(Material for the task)

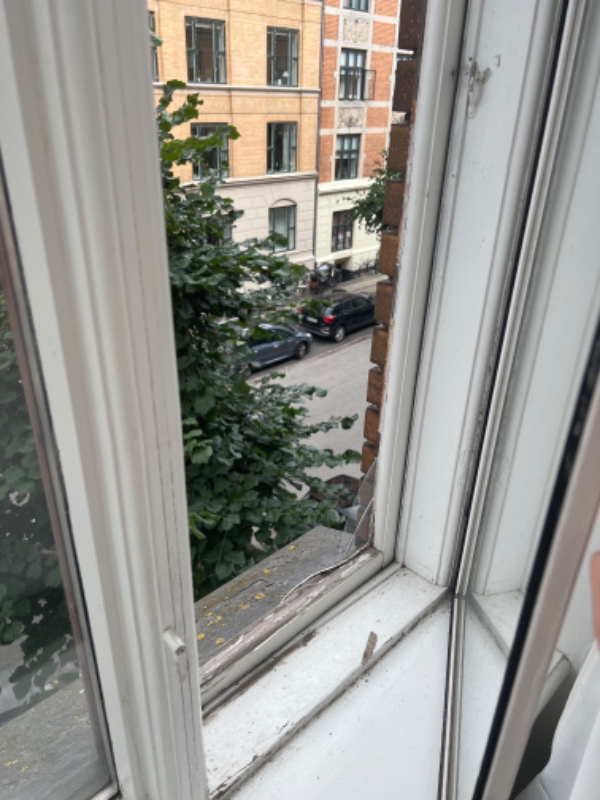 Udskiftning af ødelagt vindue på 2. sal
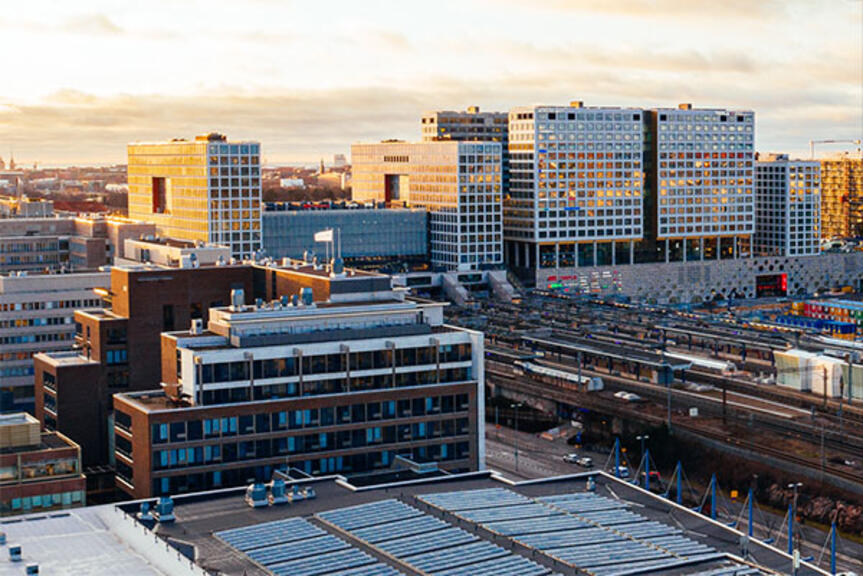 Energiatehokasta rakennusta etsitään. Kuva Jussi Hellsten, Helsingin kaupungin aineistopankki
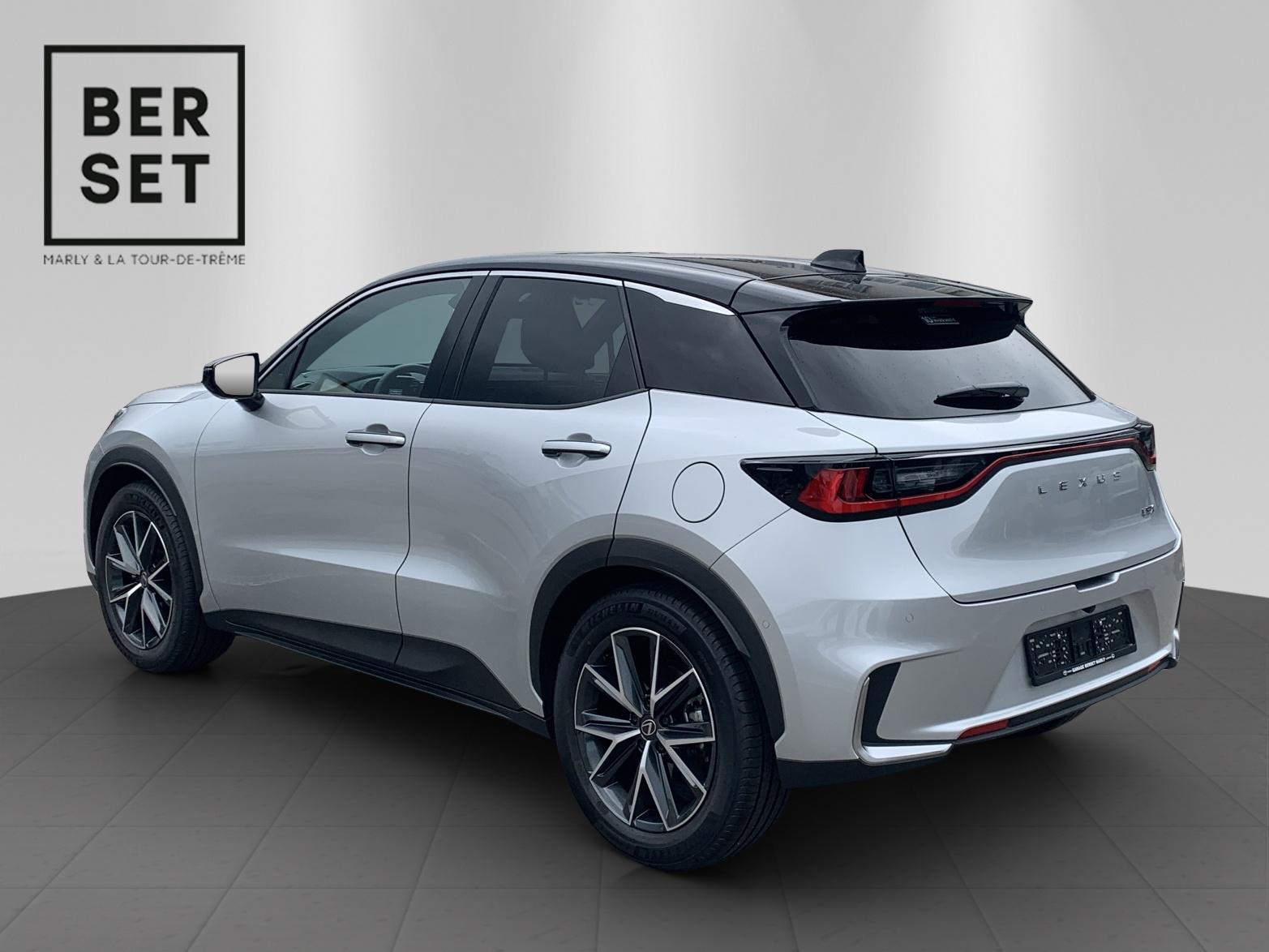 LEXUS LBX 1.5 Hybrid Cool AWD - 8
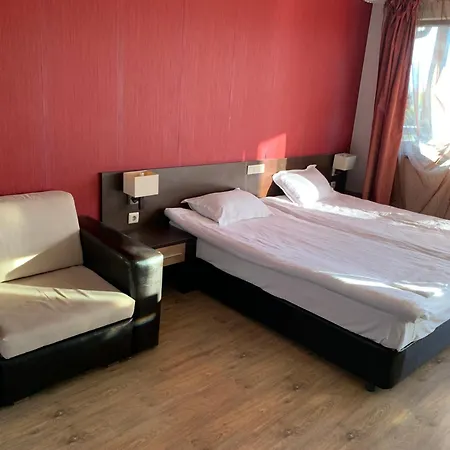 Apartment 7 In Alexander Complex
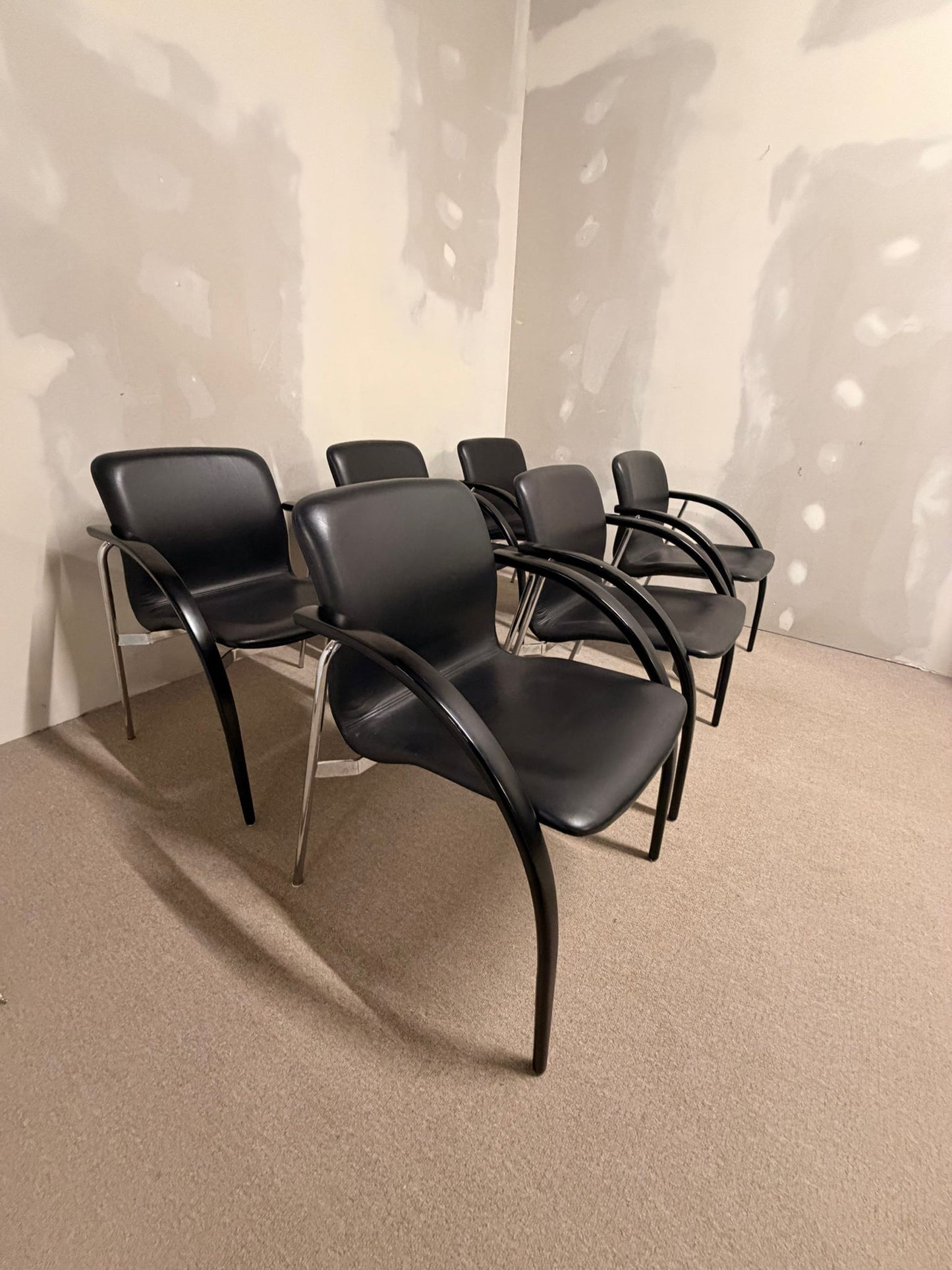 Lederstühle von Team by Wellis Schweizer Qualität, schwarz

(End Material for the task)

Repeat every line above exactly, minus the pictures.

> **Output for this exercise**:
 Udskiftning af ødelagt vindue på 2. sal
 Energiatehokasta rakennusta etsitään. Kuva Jussi Hellsten, Helsingin kaupungin aineistopankki
 LEXUS LBX 1.5 Hybrid Cool AWD - 8
 Apartment 7 In Alexander Complex
 Lederstühle von Team by Wellis Schweizer Qualität, schwarz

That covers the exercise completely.